The handwritten characters are stored in text files, where:

  • ROW 1: it just contains one entry with the number of sampled points of the handwritten character (N).

  • ROWS 2 to (N+1):

    • COLUMN 1: represents the X coordinate.

    • COLUMN 2: represents the Y coordinate.

    • COLUMN 3: represents the timestamp.

    • COLUMN 4: represents the area covered by the finger.

    • COLUMNS 5, 6, and 7: represents the accelerometer information (X, Y, and Z axes).

    • COLUMNS 8, 9, and 10: represents the gyroscope information (X, Y, and Z axes).

However, information related to the area covered by the finger, accelerometer, and gyroscope (COLUMNS 5 to 10) might not be available in some cases depending on how old the acquisition device was.


The nomenclature followed to name the files is as follows: uA_sB_CD.txt

  • A: indicates the number of the user.

  • B: indicates the number of the acquisition session [1, 2, ... , 6].

  • C: indicates the acquisition blocks:

    • num = numbers.

    • may = upper-case letters.

    • min = lower-case letters.

    • simb = symbols.

  • D: indicates the specific character/password inside each block [(0,1,.,9); (A,B,.,Z); (a,b,.,z); (?, #,.,?)]. For the case of symbols, the nomenclature is as follows:

    • _simb1 = "?" symbol.

    • _simb2 = "#" symbol.

    • _simb3 = "*" symbol.

    • _simb4 = "@" symbol.

    • _simb5 = "%" symbol.

    • _simb6 = "=" symbol.

    • _simb7 = "ε" symbol.

    • _simb8 = "α" symbol.

* Please note that there is a mistake in Fig. 2. There are 158 users with at least two sessions, not 159.

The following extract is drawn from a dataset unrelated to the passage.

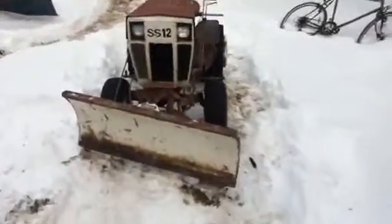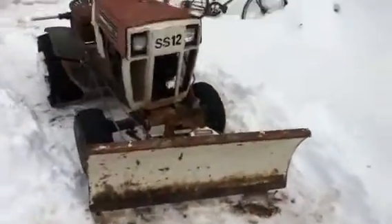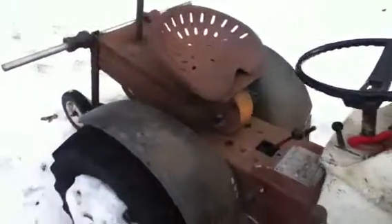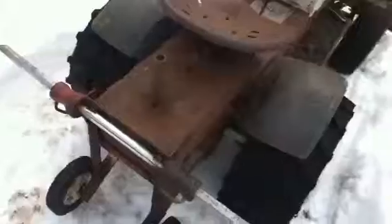Hey guys, this is my SS-12. How do you like it? It's pretty beat up. That's why I'm probably about a thousand pounds right now. I'm a tractor puller at the 4-H Atlanta County Small Engines Club.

For further information on the database and on different applications where it has been used, we refer the reader to (all these articles are publicly available in the publications section of the BiDA group webpage.)

  • [TIFS2020_MobileTouchDB] R. Tolosana, R. Vera-Rodriguez, J. Fierrez and J. Ortega-Garcia, "BioTouchPass2: Touchscreen Password Biometrics Using Time-Aligned Recurrent Neural Networks", IEEE Transactions on Information Forensics and Security, vol. 15, pp: 2616-2628, 2020.

  • [CVPR2019_MobileTouchDB] R. Tolosana, J. Gismero-Trujillo, R. Vera-Rodriguez, J. Fierrez and J. Ortega-Garcia, "MobileTouchDB: Mobile Touch Character Database in the Wild and Biometric Benchmark", in Proc. IEEE Conf. on Computer Vision and Pattern Recognition Workshops, CVPRw, Long Beach, USA, 2019.

Please remember to reference articles [CVPR2019_MobileTouchDB] on any work made public, whatever the form, based directly or indirectly on any part of the MobileTouchDB database.